Nas 66 páginas do acordo de acionistas da Wilkes, holding que controla o Grupo Pão de Açúcar (GPA), não há qualquer impeditivo para que o empresário Abilio Diniz tome a iniciativa de costurar um acordo sem o conhecimento do seu sócio, o varejista francês Casino. A análise foi feita por especialistas em direito concorrencial e fusões, a pedido do Valor.
Assinado em novembro de 2006, o acordo tem sido usado pelo Casino para criticar a postura do sócio, que na segunda-feira passada apresentou ao seu maior rival na França, o Carrefour, uma proposta de fusão entre o GPA e o Carrefour Brasil. A união dos dois grupos daria origem ao Novo Pão de Açúcar (NPA), que já contaria até com dois novos sócios - o banco BTG Pactual e o BNDESPar, dispostos a investir € 2 bilhões no negócio. A rede francesa diz que tudo foi feito sem o conhecimento da empresa - algo que Diniz tem negado nos últimos dias.
"Ao conduzir estas negociações, o Carrefour e o sr. Abilio Diniz ignoraram deliberadamente tanto a lei e os contratos quanto os princípios fundamentais da ética comercial", diz o anúncio do Casino publicado no dia 29.
"Temos a convicção de que todas as negociações foram conduzidas de forma absolutamente legítima, de acordo com a legislação brasileira, os acordos de acionistas e os princípios da ética comercial", respondeu Diniz, no dia 1º.
Para os especialistas ouvidos pelo Valor, nenhum dos lados tem total razão. O Casino não pode ficar batendo na mesma tecla porque não há restrições no documento nesse sentido. E Diniz teria deixado a ética comercial de lado, por não ter levado o sócio em consideração, antes de costurar uma associação relevante. O comando do Casino afirma que não sabia das intenções de Diniz. Já o empresário disse que consultou o sócio francês sobre a questão.
Para o Casino, segundo apurou o Valor, duas cláusulas impedem o empresário brasileiro de fazer propostas sem avisá-lo. A cláusula 14.1 diz que "sempre que qualquer dos acionistas da Wilkes desejar desenvolver um novo negócio no Brasil, relacionado a qualquer negócio, diverso do negócio varejista de alimentos, tal acionista da Wilkes deverá, prontamente e da maneira mais apropriada possível, transmitir essa oportunidade de negócio de acionista da Wilkes para a CBD [Companhia Brasileira de Distribuição], com cópia para o outro acionista da Wilkes".

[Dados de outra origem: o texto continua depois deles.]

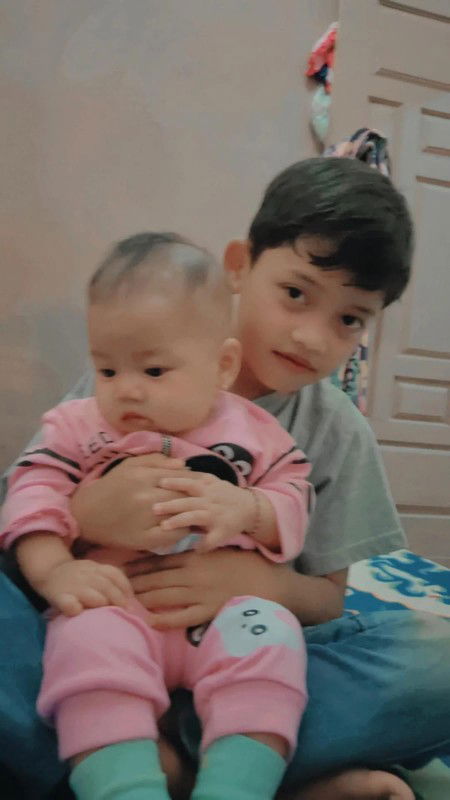 Puji Estri Rahayu profile icon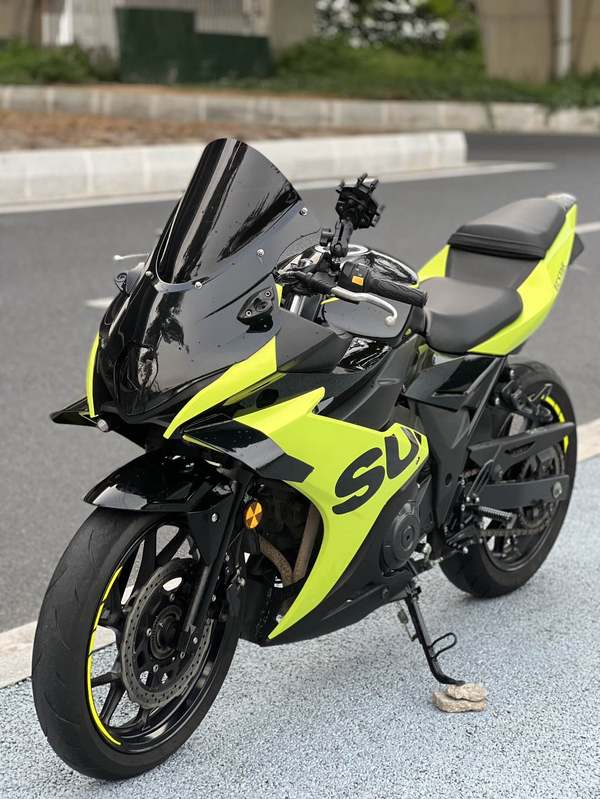 二手豪爵铃木GSX250R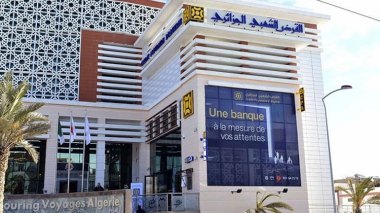 القرض الشعبي الجزائري يقترح تمويلا لاقتناء حافلات جديدة لنقل المسافرين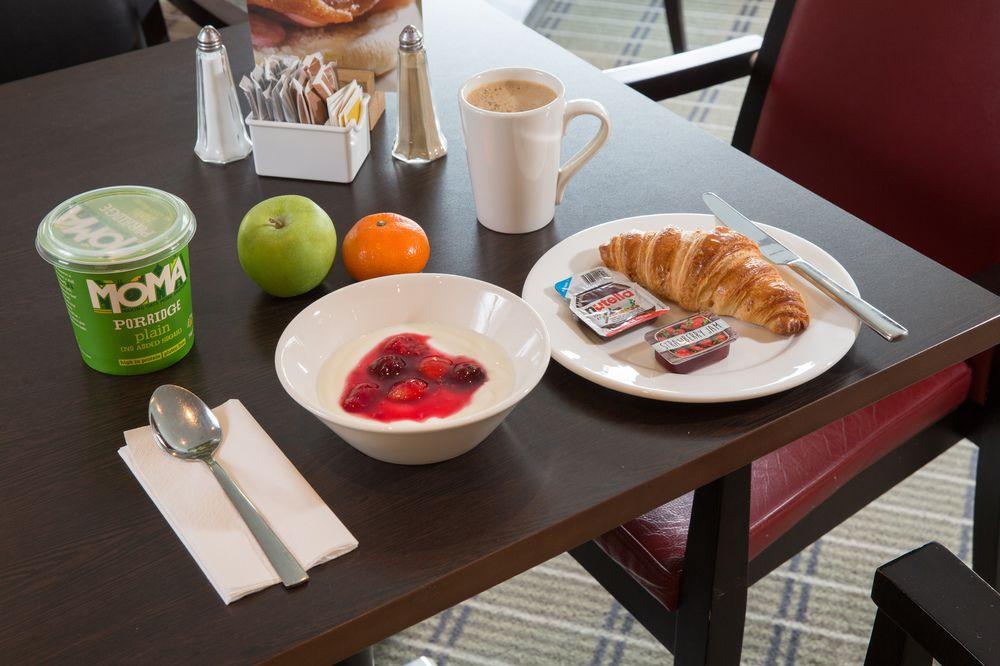 Holiday Inn Express Bedford By Ihg Экстерьер фото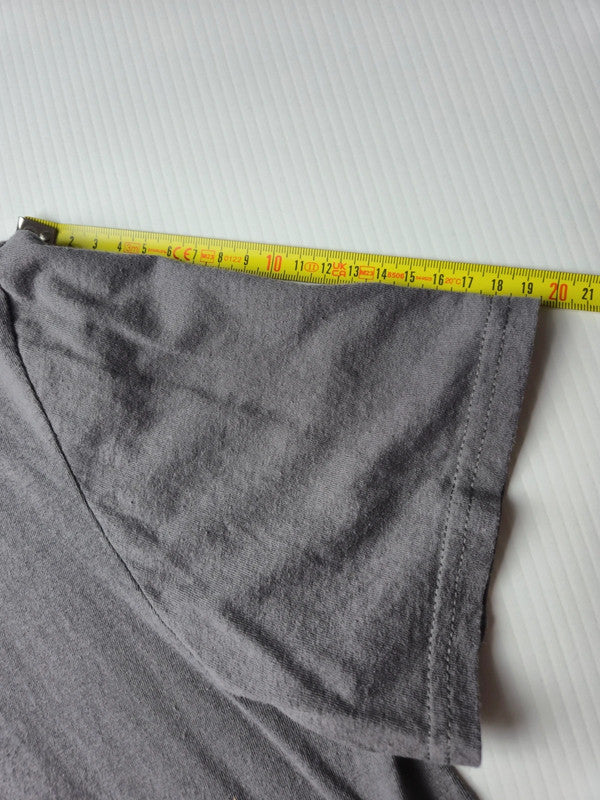 Gildan Style Thirty Seconds To Mars Tshirt Vintage 2011 Taille S Gris Très Bon état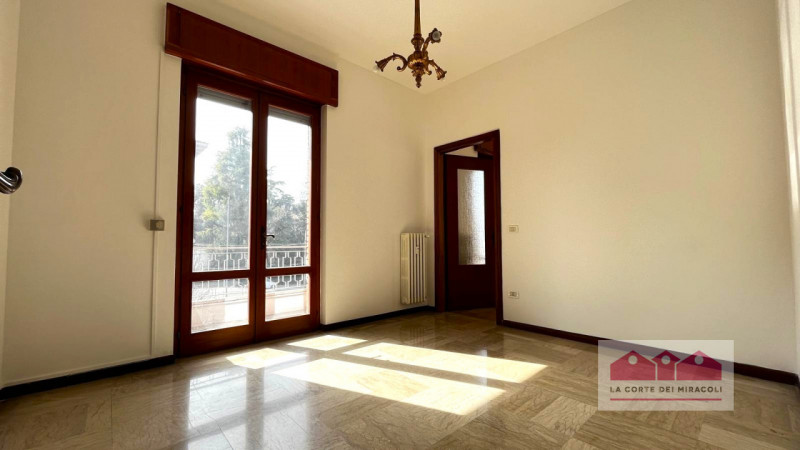 CORSO PADOVA: SECONDO PIANO CON ASCENSORE AMPIO TRICAMERE, INGRESSO, SOGGIORNO, PRANZO, CUCINA, D...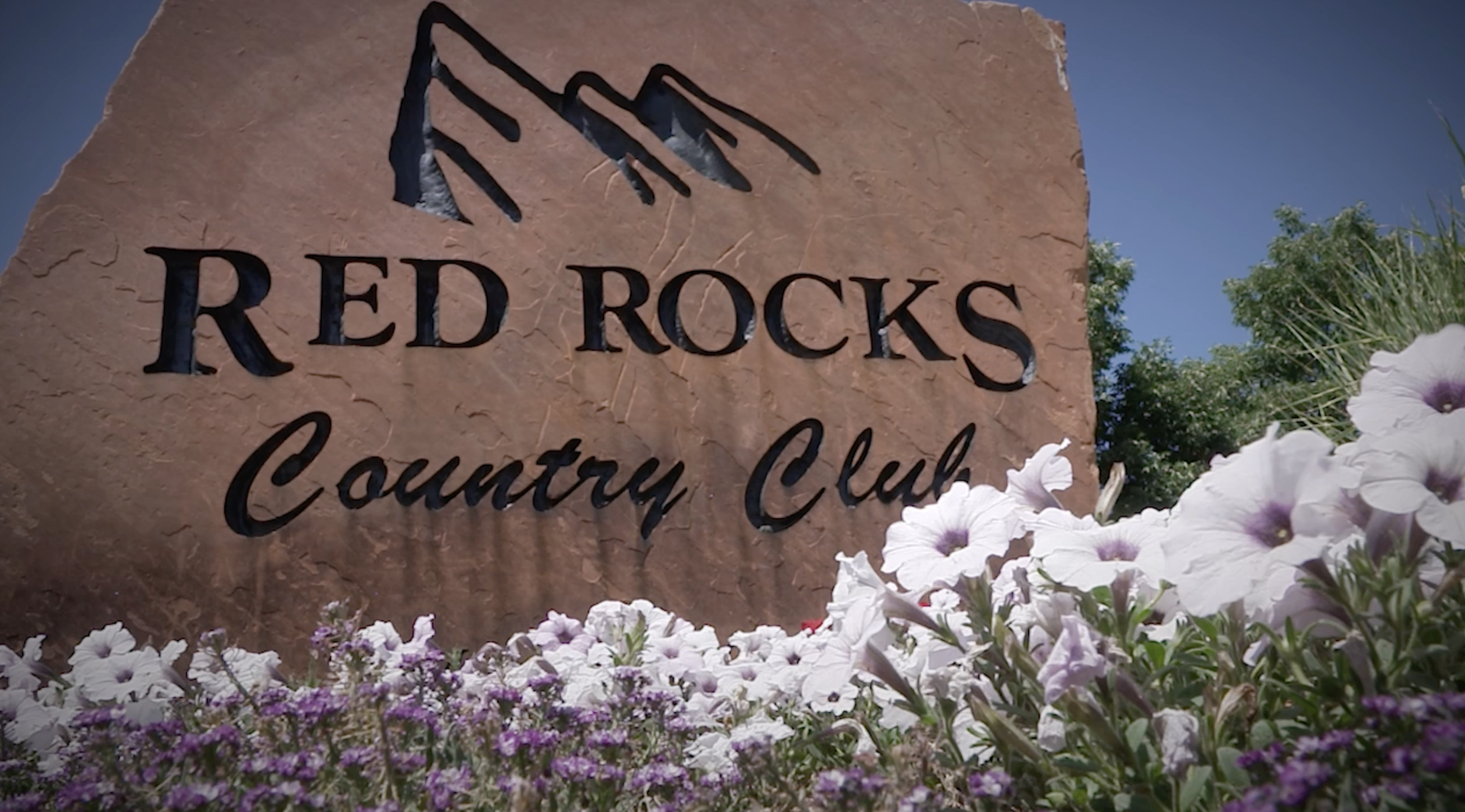 Red Rocks Country Club sign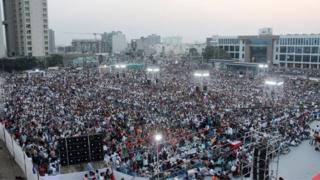 राजकोट में हार्दिक पटेल की रैली में उमड़ी भीड़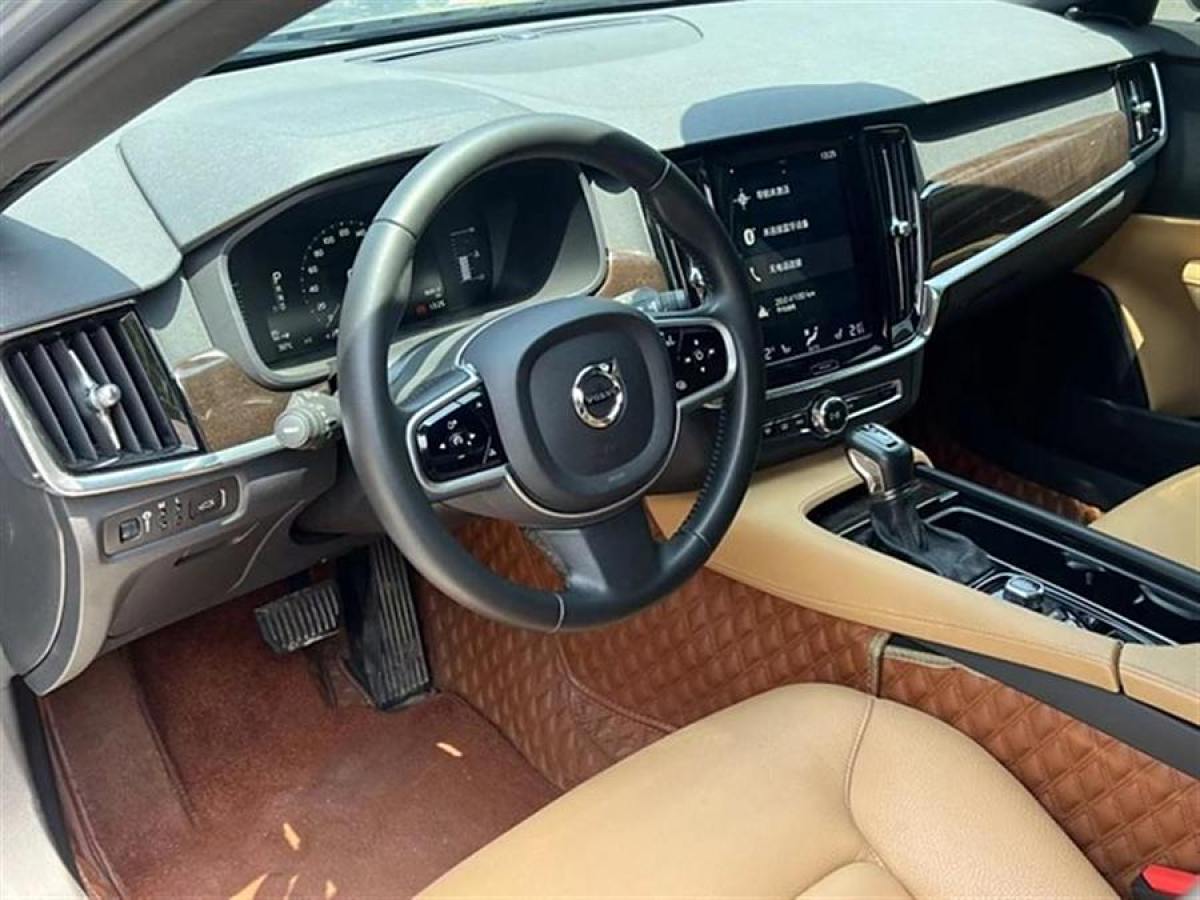 沃爾沃 S90  2020款 改款 T5 智遠(yuǎn)豪華版圖片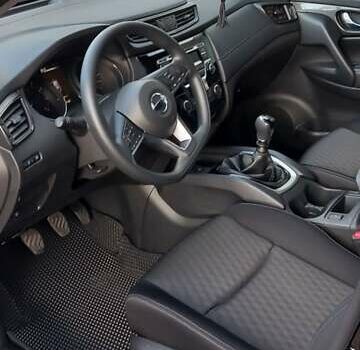 Чорний Ніссан ІксТрейл, об'ємом двигуна 2 л та пробігом 15 тис. км за 28000 $, фото 21 на Automoto.ua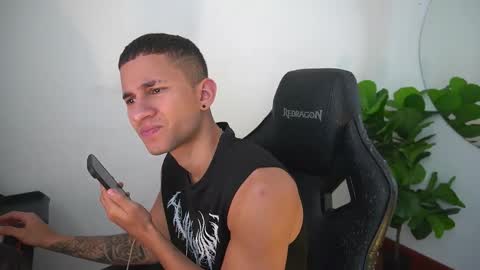 thin_tommy11 online show from 12.22.25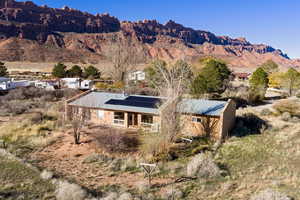 View of mountain backdrophttps://assets.utahrealestate.com/photos/280x210/2124608_dd9b110e2b5032c943d2f76fb980182e_6924e1154341c.jpg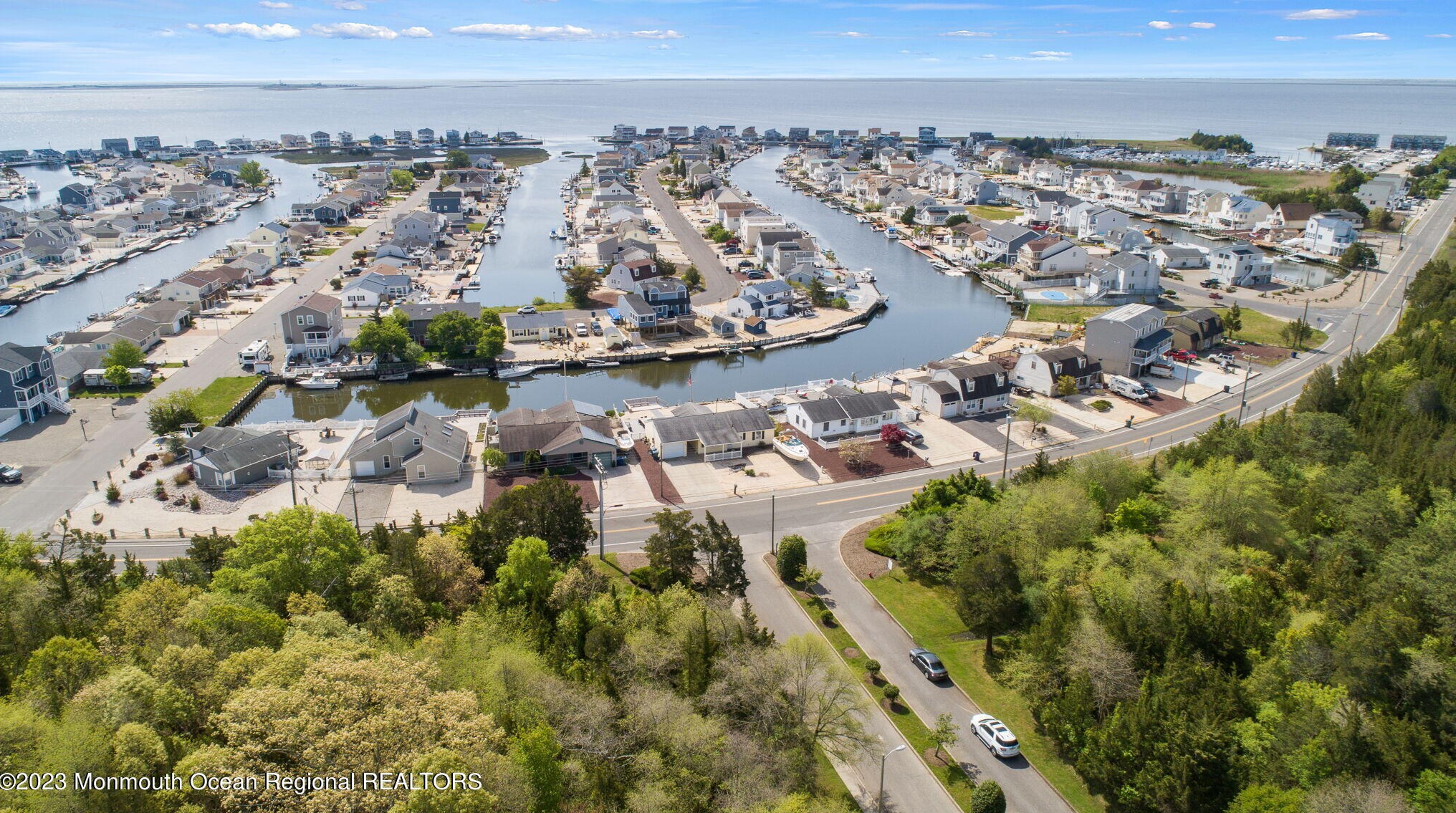 1369 Radio Rd, Tuckerton NJ  08087-1009 exterior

"O acordo restringe a necessidade de aviso quando for algo "diverso do negócio varejista de alimentos", o que não é o caso", ressalta Eduardo Boccuzzi, do Boccuzzi Advogados Associados. Para o especialista, que tem entre seus clientes os bancos Itaú BBA e Fator, faz parte das atribuições do sócio brasileiro buscar oportunidades de negócio no país. "Diniz não fez nada de ilegal", afirma.
Já a cláusula 14.3 diz que "enquanto cada um dos acionistas da Wilkes continuar sendo titular de, no mínimo, 10% do capital social com direito a voto da Wilkes, cada um dos acionistas da Wilkes concorda em utilizar a CBD como seu único veículo para participar do negócio varejista de alimentos no Brasil". Assim, nenhum acionista poderá "deter, administrar, operar, controlar, dedicar ou participar da titularidade, administração ou controle de qualquer pessoa jurídica ou negócio enquadrado no negócio varejista de alimentos no Brasil".
"Nessa cláusula, os acionistas se comprometem a só usar o CBD como único veículo para participar do varejo no Brasil mas, com a fusão, o Carrefour também será usado", diz outro especialista. "Uma proposta dessa magnitude, que envolve diversos passos, considera a quebra do acordo em vários momentos", afirma. O advogado observa que o Casino pode exigir retratação pelo fato de a proposta ter feito cair o valor das suas ações.
"É difícil saber se Diniz está defendendo os direitos da companhia, como diz, ou os seus próprios interesses, já que, pelo acordo, o Casino tomaria o controle do Pão de Açúcar no ano que vem", diz.